While pop music may be wonderful in Quincy Coleman’s eyes (heck, mine too), there are some who think the stuff is straight up awful. But please wait before you roll your eyes and think “Been there, done that.” I happened to read an interview on Idolator the other day where an engineer revealed “secrets” about pop music. Secrets? Really? I thought most of the stuff they covered was pretty common knowledge.

Throughout the article they cover some pretty basic stuff, like how often artists will come in drunk or stoned and get all frustrated basically because they are drunk or stoned. Autotune and “fixing it in the mix” is discussed, but supposedly the big revelation of the article (or at least I would assume due to the piece followed by the reaction of “Are you serious?” by the interviewer)…

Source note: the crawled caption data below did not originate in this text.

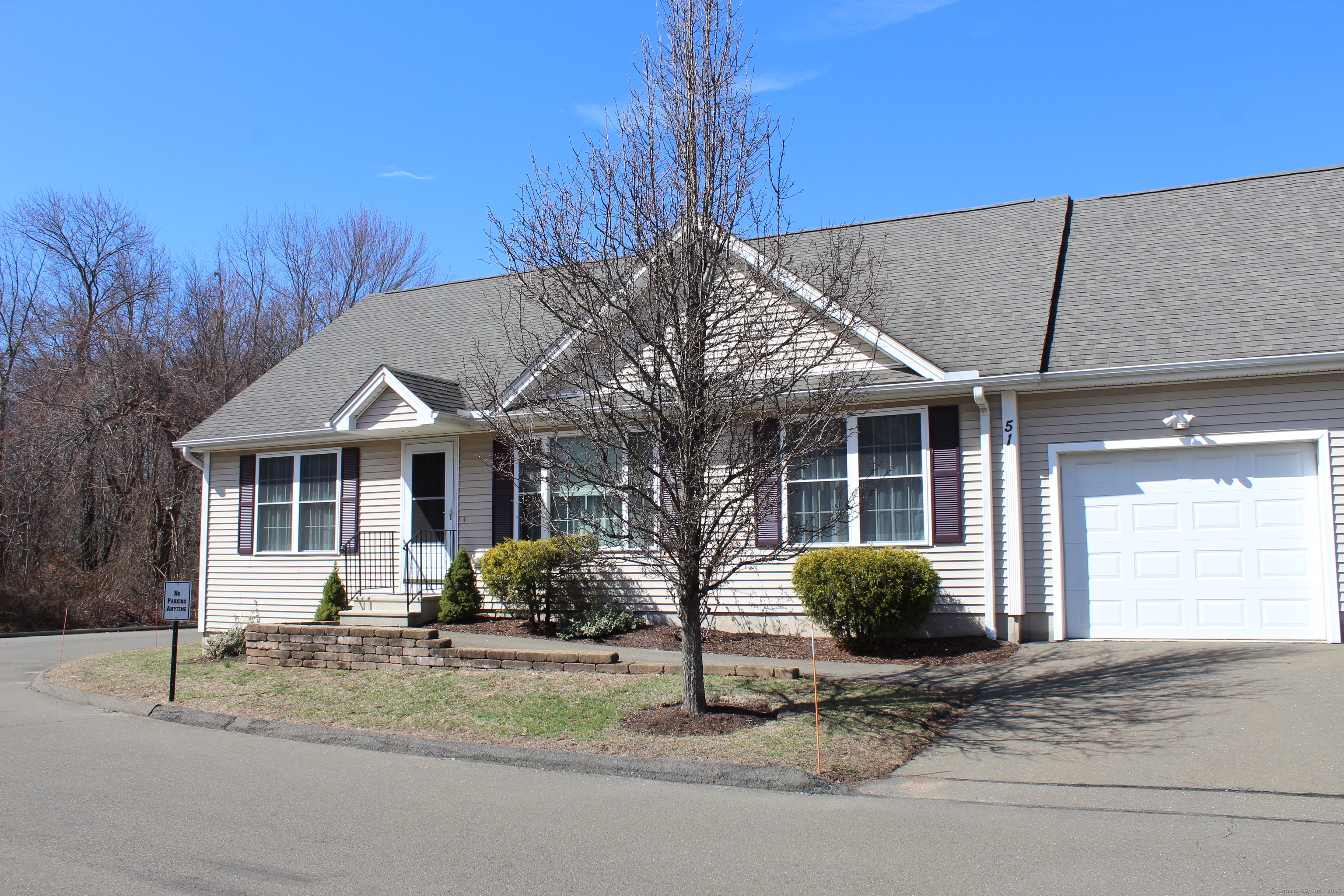 51 County Walk Lane #51, East Haven, Connecticut image 2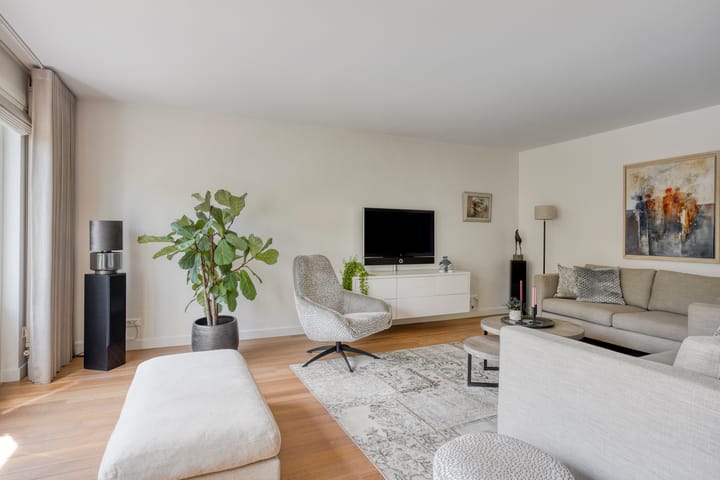 Foto 15 van Zuster Reichertstraat 23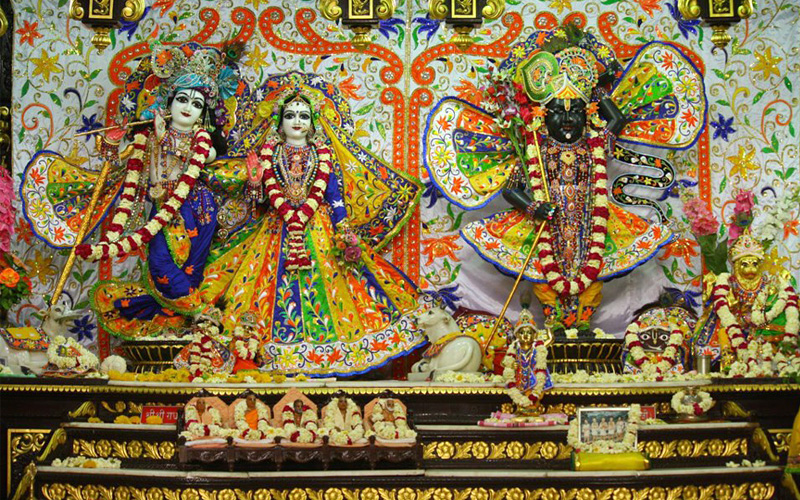 sri-sri-radha-govinda-and-srinathji-temple-ahmedabad Gujrat
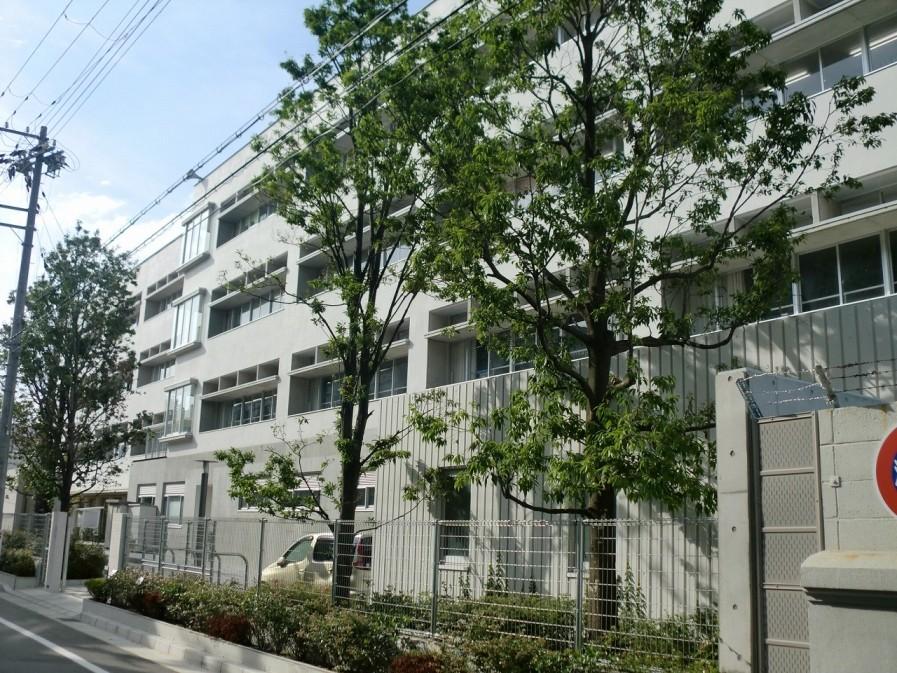 【松原町一戸建ての小学校】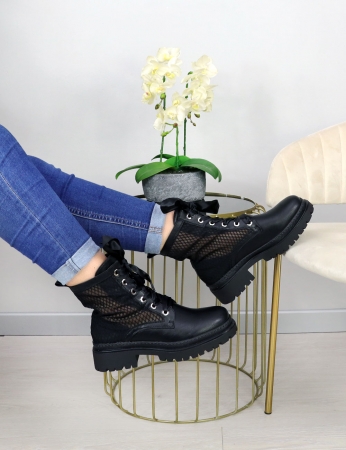Botins Tassiane - Preto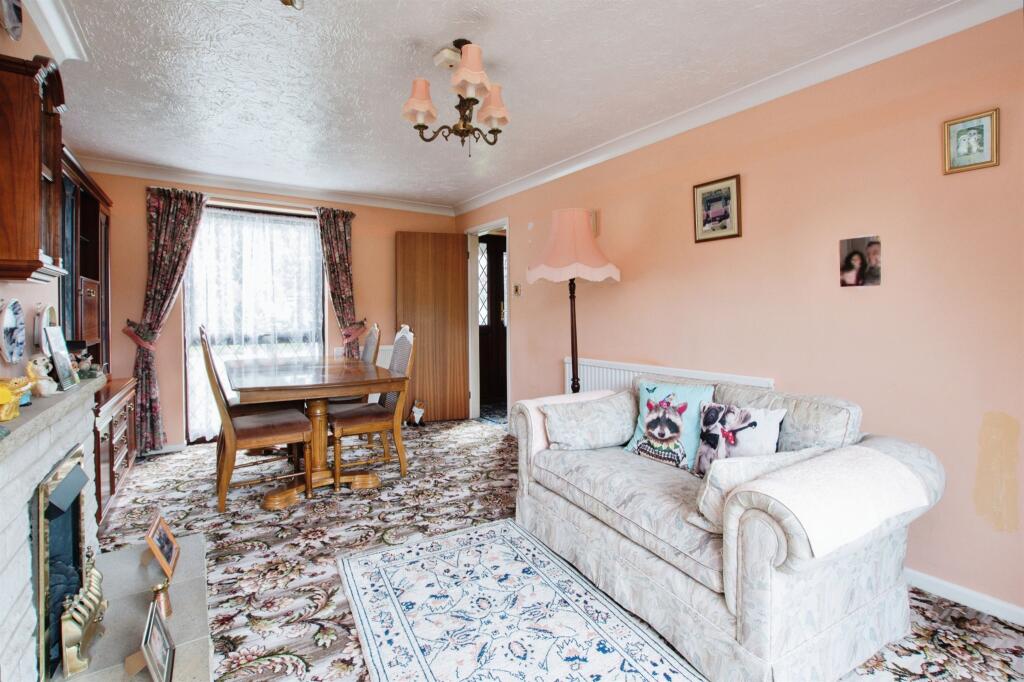 Plantagenet Crescent, Bournemouth photo 4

JoeTheEngineer: so they come in and I play them a reference, which the writer laid down with all the vocal parts
JoeTheEngineer: then the artist goes piece by piece re-singing whats already on tape

Lack of punctuation and grammar aside (also, I hope this engineer’s real name is Joe and not Sam), is this really all that shocking? I’m no recording genius, but this just seems sort of obvious. For one, it replicates pretty accurately what I’ve seen on VH1, MTV and such. Next, it’s pretty obvious that a lot of pop stars have other people writing their music and lyrics. (Remember when Justin Timberlake scored Michael Jackson’s songwriter, thereby crowning a new King of Pop?) Finally, multi-tracking makes this all too easy…and multi-tracking isn’t a new fad like Autotune. It’s been around forever.

However, I can understand the shock. Even though we know pop music is manufactured, we don’t want to believe it. We’d like to believe that it is somehow artist magic not studio magic. That Kanye West never misses a rhyme and that the musical process is more than turning a slider from “suck” to “rock.” A positive way to spin this whole expose is that the musician isn’t the only artist. The work that engineers, producers and technicians put into a record requires just as much talent and effort as the performer. Maybe it’s about time to give them their props.